L'avis de la chambre dans l'affaire T 482/18 a été partagé par la chambre de recours juridique dans l'affaire J 14/19. Elle a souligné que, conformément à l'art. 114(2) CBE, les moyens tardifs contenant un élément de fait pouvaient ne pas être pris en compte. Selon elle, le simple fait qu'une partie ait déjà introduit un certain document dans la procédure de recours ne signifie pas que l'ensemble de son contenu fasse partie de ses moyens invoqués. Le fait pour ladite partie de se référer, dans ses moyens invoqués par la suite, à d'autres passages que ceux qu'elle a invoqués jusqu'à présent, peut entraîner une modification des moyens invoqués. La chambre a ajouté qu'en principe, une nouvelle combinaison d'éléments de fait et une nouvelle combinaison d'éléments de fait et de droit constituaient l'une comme l'autre une modification des moyens invoqués. La modification des moyens invoqués doit être distinguée du simple affinement d'une ligne d'argumentation déjà existante (comme dans l'affaire T 247/20 ; voir le résumé de cette décision au chapitre V.A.4.2.2 m) ; sur la compréhension par la chambre juridique du terme "arguments" au sens de l'art. 12(2) RPCR 2020, voir également le chapitre V.A.4.2.2 n)).
Dans l'affaire T 2796/17, la chambre a constaté que l'objection soulevée pour la première fois par le requérant lors de la procédure orale concernant l'activité inventive de l'objet de la revendication 1 de la nouvelle requête principale (déposée avec la réponse au recours en tant que 1ère requête subsidiaire), fondée sur deux documents déjà dans la procédure (O2 et O3), était nouvelle. Elle comportait des faits et des preuves nouveaux : le requérant n'avait auparavant contesté ni la brevetabilité de la revendication 1 de cette requête, qui était une combinaison des revendications 1 et 2 délivrées, ni celle de la revendication 2 délivrée. Par conséquent, l'objection fondée sur le document O2 au titre de l'art. 56 CBE contre la nouvelle requête principale constituait un nouveau moyen. Celui-ci n'a pas été admis en application des art. 13(1), 25(1) RPCR 2020, ainsi que des art. 13 RPCR 2007 et art. 25(3) RPCR 2020, étant donné que la date tardive n'était ni compréhensible ni justifiée par le requérant, et que l'objection contenait un fait nouveau complexe et ne semblait pas, de prime abord, pertinente.
Dans l'affaire T 187/18, la chambre a considéré qu'une nouvelle combinaison de documents (déjà mentionnés dans le cadre de l'objection du requérant en matière d'activité inventive, mais dans différentes combinaisons) ne représentait pas seulement une clarification de la précédente ligne d'argumentation exposée mais une modification des moyens de la partie.

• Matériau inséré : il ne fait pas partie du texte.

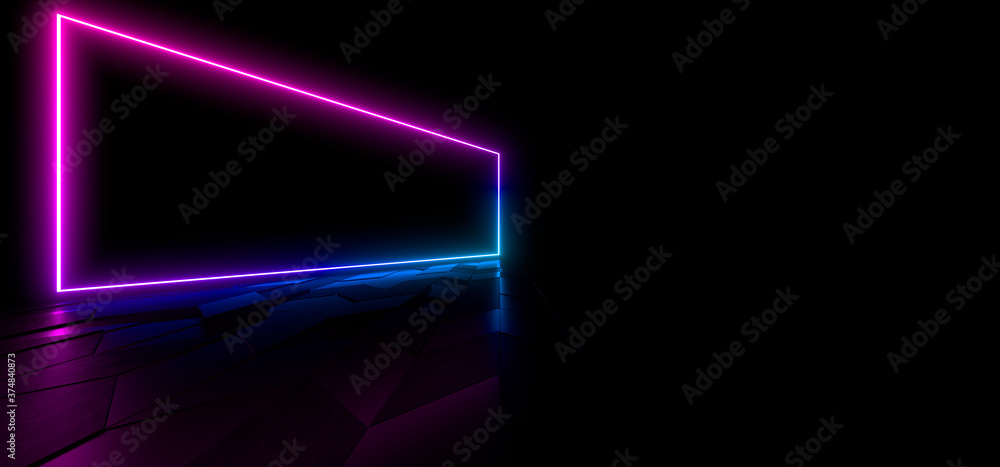 Obraz premium Colored luminous geometric shape on a black background. 3d rendering image.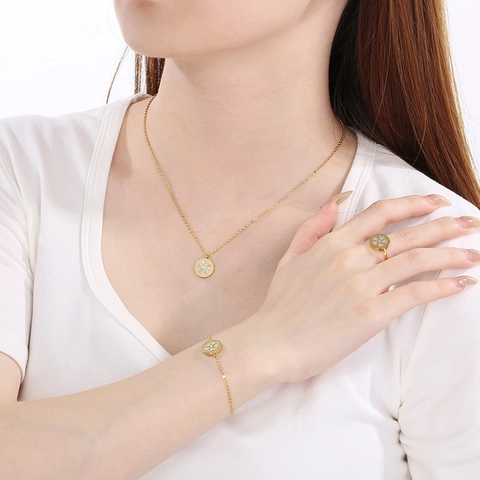 Elegant Flower Stainless Steel Jewelry Necklace Bracelet Ring Earrings Rhinestone Shell Inlay Fashion Clavicle Chain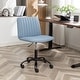 preview thumbnail 23 of 31, Armless Swivel Office Chair with Metal Base, 360 Swivel Ergonomic Computer Chair, Adjustable Height Fabric Task Chair - N/A Blue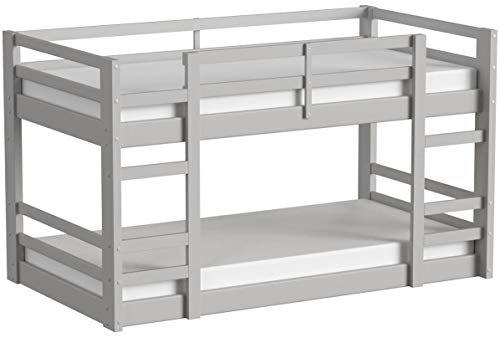 Walker Edison Alexander Classic Solid Wood Stackable Jr Twin over Twin Bunk Bed, Twin over Twin, Grey
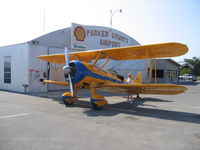 N621SR @ WEA - Mona Folstad-Polson's Stearman Refueling at Parker County Airport - by E.Oltheten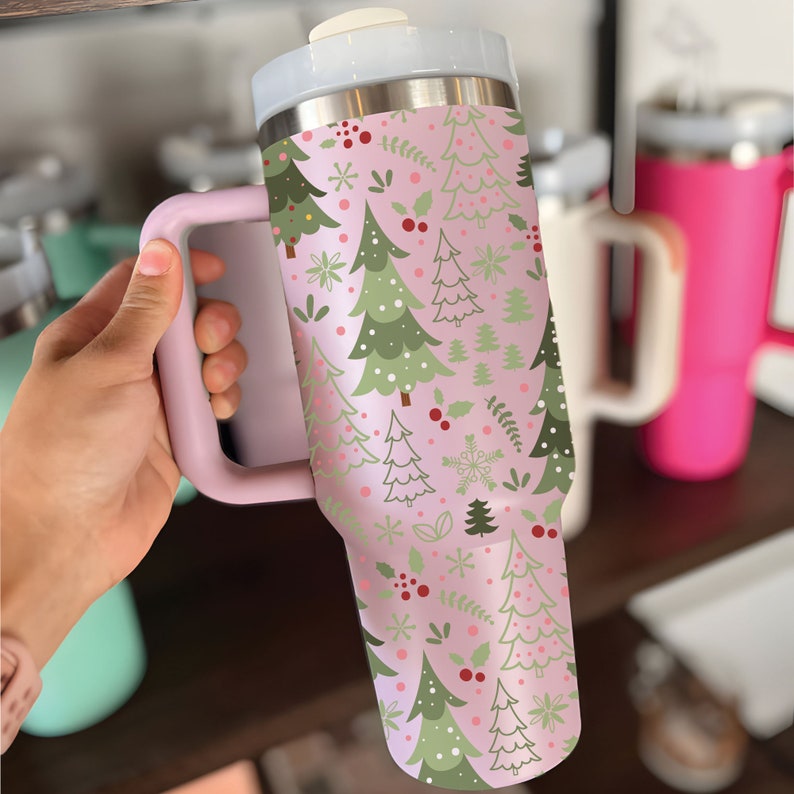 Christmas Tumbler 30oz/40oz, Christmas Tree Cup Retro Cup, Merry Christmas Tumbler with Lid and Straw, Christmas Tree Doodles Holiday Tumber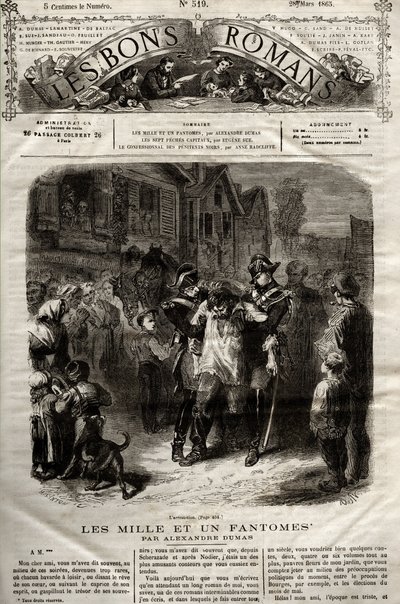 ظهر رسم توضيحي من رواية "The Thousand Un Fantomes" للكاتب ألكسندر دوما في "" The Bons Romans "بتاريخ 28/03/1865 بواسطة المدرسة الفرنسية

La chambre a ensuite relevé que, dans la mesure où le requérant n'a mis en avant aucune raison spécifique pour la modification de ses moyens, la pertinence de prime abord invoquée, ne devait pas être considérée en tant que telle. Exerçant son pouvoir d'appréciation au titre de l'art. 13(2) RPCR 2020, la chambre n'a pas admis la nouvelle ligne d'attaque dans le cadre de la procédure.

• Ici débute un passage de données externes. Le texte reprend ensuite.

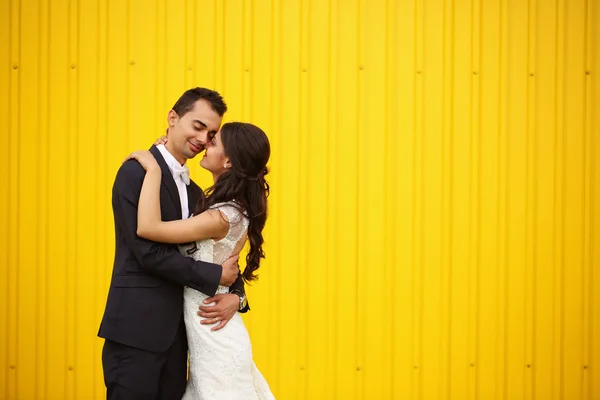 Mariée et marié baisers contre le mur jaune — Photo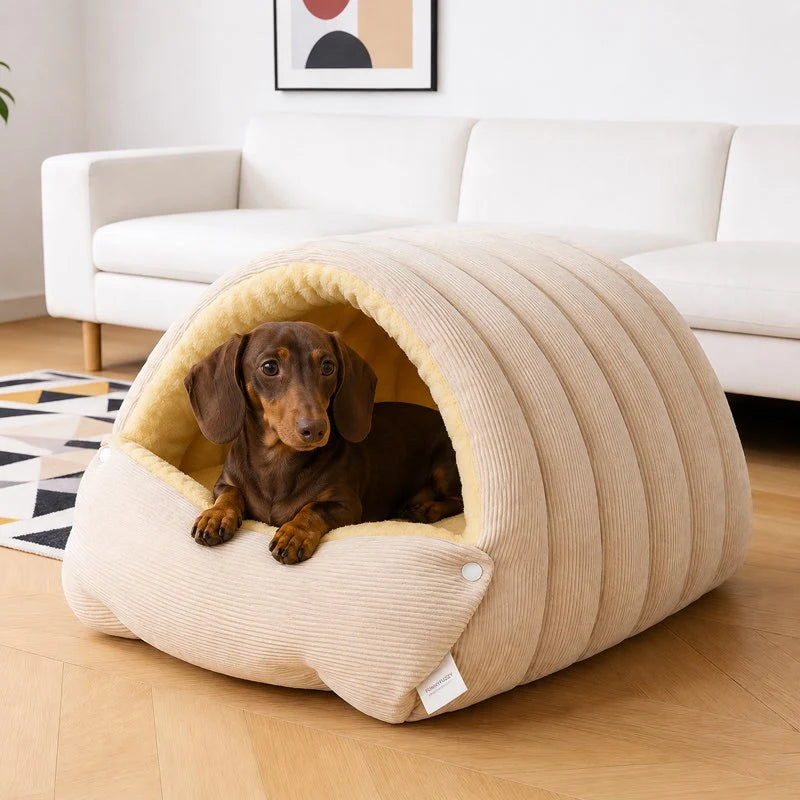 2-in-1 Corduroy Cave Dog Bed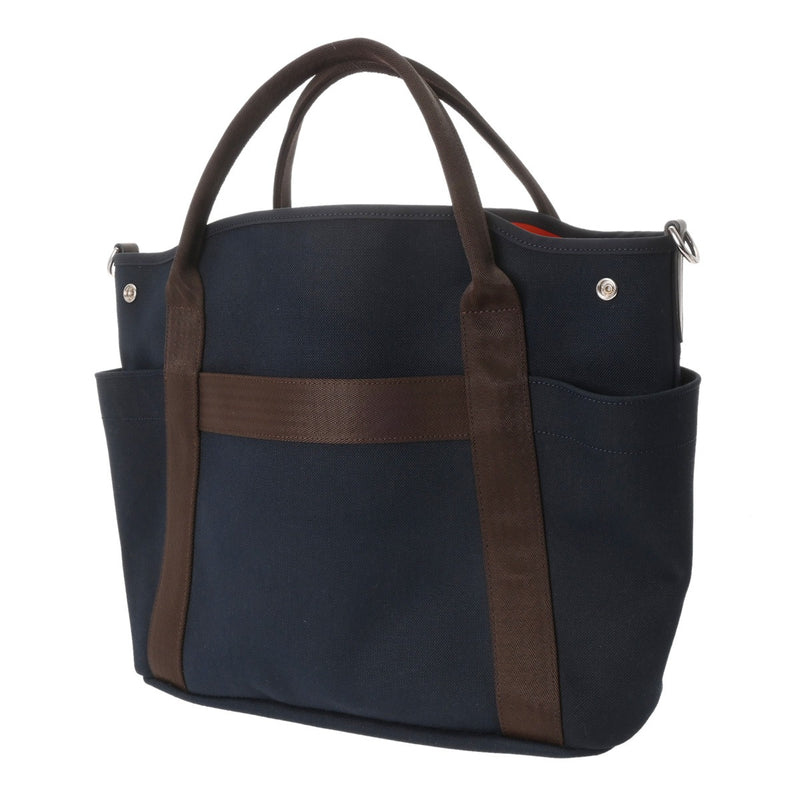 HERMES エルメス サックドパンサージュ グルーム ネイビー C刻印(2018年頃) レディース トワルシェブロン トートバッグ Aランク 中古 銀蔵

Dans l'affaire T 1108/16, l'intimé (titulaire du brevet) a argumenté contre l'objection d'absence d'activité inventive soulevée dans le mémoire exposant les motifs du recours seulement après avoir reçu une notification en vertu de l'art. 15(1) RPCR 2020, en expliquant pourquoi une lecture conjointe des documents concernés ne pouvait pas conduire de manière évidente à la combinaison de caractéristiques de la revendication 1 de la demande principale de brevet. En ce qui concerne la recevabilité de ce moyen tardif, l'intimé a fait valoir qu'il devait être considéré comme un développement naturel des arguments de la réponse au mémoire exposant les motifs du recours, qui contenait déjà une analyse détaillée du contenu des écrits en question. Il en aurait directement été déduit l'incompatibilité fondamentale des enseignements de ces écrits. En revanche, la chambre a souligné que, notamment dans la procédure de recours sur opposition contradictoire, la chambre est en principe liée par les moyens des parties comme base d'appréciation des faits et de la situation juridique. Selon la chambre, il n'est donc pas – et ne peut pas être – de son ressort d'élaborer d'elle-même, à partir des moyens invoqués, des arguments qu'une partie n'avait pas formulés pour défendre le brevet délivré ou pour soutenir ses conclusions et de les introduire ainsi dans la procédure. En l'espèce, les nouveaux arguments ont donc été considérés comme une modification.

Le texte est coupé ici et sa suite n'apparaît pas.